Massive amounts of construction waste are being dumped regularly into the sea, but concerned government agencies are apparently unaware of these flagrant violations of Hong Kong’s pollution laws.
Ming Pao Daily reported on Tuesday that its own investigations in the past two months found that construction waste from the Central-Wan Chai Bypass and Island Eastern Corridor Link project has been illegally dumped into the Victoria Harbour, apparently without the knowledge of the Highways Department and the Environmental Protection Department.
The project, which started in 2010 and is expected to be completed in late 2017, forms part of an east-west strategic route along the north shore of Hong Kong Island.
It aims to alleviate the traffic congestion along the existing Gloucester Road-Harcourt Road- Connaught Road Central corridor, the Highways Department said on its website.

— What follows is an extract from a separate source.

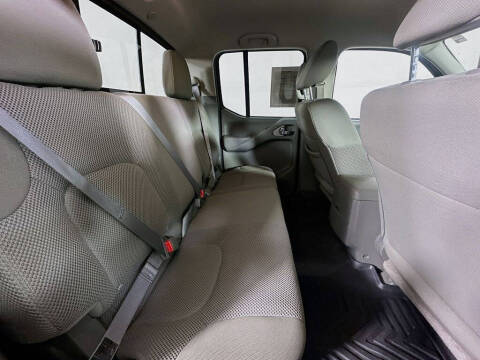 2021 Nissan Frontier SV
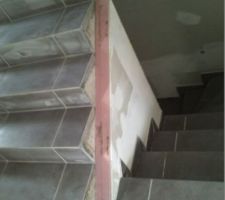 MA petite finition "provisoire" de l'escalier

Ming Pao launched an investigation after receiving complaints that slurry was seen floating on the sea surface near the construction site at the Causeway Bay Typhoon Shelter.
A sample test revealed that the slurry contained bentonite, which is a common building material.
The waste matter, according to government regulations, must be shipped to a designated dump.
An expert said bentonite, although not poisonous, tends to reduce oxygen concentration in the sea, thereby indirectly contributing to the depletion of fish and other marine life.
Bentonite could also sicken people who swim in waters where it is dumped.
China State Construction Engineering (Hong Kong) Ltd., the main contractor of the project, said it has been properly disposing of its waste material.
Yet a source who is involved in the project said dumping of construction waste has been going on for more than six months and the accumulated amount is estimated to have reached as much as 20,000 cubic meters.
According to the source, subcontractors in charge of the disposal of waste material seemed to always know in advance when government officials were coming for on-site inspections and therefore would ask workers to refrain from illegal work procedures until they were gone.
The Environmental Protection Department has conducted at least 87 inspections at the project site and found nothing irregular.
The Highways Department, which is in charge of the project, said monitoring of contractors is commissioned to a consulting firm named AECOM Asia Co. Ltd., which also has not reported any irregularities.
Lawmaker Albert Ho Chun-Yan said illegal dumping of pollutants into sea is a serious offense, and relevant government agencies and contractors should be held accountable for violations.
Based on the Water Pollution Control Ordinance, anyone found dumping pollutants into a restricted area could face a fine of HK$200,000 and a jail term of up to six months.